Her most recent love, she added, is empowering young people through dance. Acting will always be her first love, she says, but dance is “my passion.” Now, she tries to offer learning access for young people and home-makers who may be stuck in small town India or even in far flung suburbs in big cities.
Dixit observed that the power of her internet dance portal could deliver any type of lessons directly into the students home: “Once you learn, it’s a skill. It is empowerment [and] perhaps a new career too,” she said. “But before that, [you] be a part of a virtual dance community, actually dancing, in your own living room. I call it Unite and Move.”
Dixit admitted that one thing that annoys her as an actor is when interviewers direct questions about the work/ life balance only to her and not to the male actor sitting next to her. “Men too should be asked how they feel leaving family and kids back home,” she adds, “after all men too may be leaning in!”
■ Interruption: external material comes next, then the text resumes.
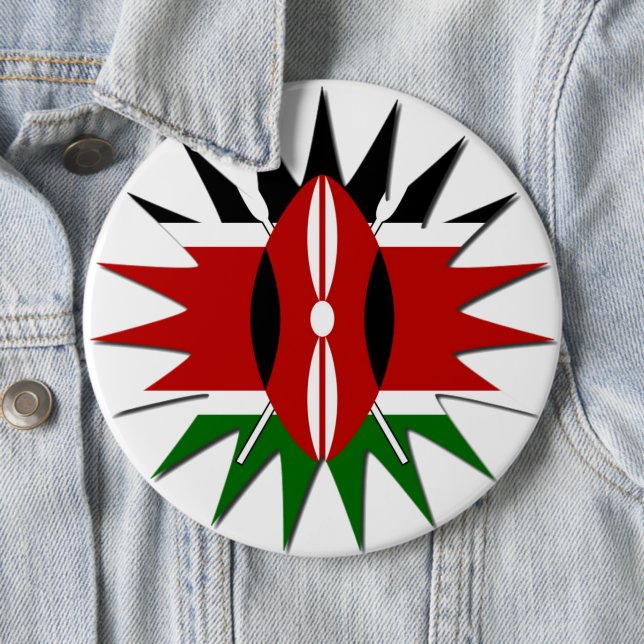 Vibrant Kenyan Flag Pattern: An 18-Star Art 6 Inch Round Button (In Situ)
Dixit says she hasn’t forgotten that she is also a mom raising boys in India, a country she hopes will be one day gender equal. “I feel children follow by example. We, [Ram, her husband] and I are setting them good examples: Ram supports me and I him. My kids see that. I want them to respect everyone, whether they are their gurus, or people working for us. I have two boys after all, and it is a big responsibility that they are part of their community and work for it. That they do something. What we do is going to inspire them”.
A role model to so many, she counts the people in the world around her as the best place to watch, learn and be inspired. “These are people I see every day”, she says, “[who] are being citizens who contribue”.
Her greatest inspiration, however, is still her mother who came from an orthodox family in small-town India and had married into an urbane, big-city family. Dixit says her mother raised her young family admirably but was also determined to educate herself and successfully pursued a Masters in Music. It was her mother too who she relied on as a young girl and who kept her grounded in an industry that pushed to mould her it own ways. Dixit says her mother taught her to be her own woman, to stand tall and comfortable in her own skin and never to believe she was “too thin or not thin enough.
“Be what you are, be confident of yourself” is what she remembers her mother telling her.
This is advice that she still stands by as she works in an India – and an industry – that is changing rapidly.
She speaks with her great pride of seeing women working in all areas of the film industry, a big change from her earliest days in the industry when the only women around were actresses and hair dressers, or the occasional stylist or choreographer.
“That gives me hope, slowly we are changing. I have great hope when I hear stories of women helping other women. Summits like these where a dialogue continues; you have to keep chipping away and this keeps me very hopeful.”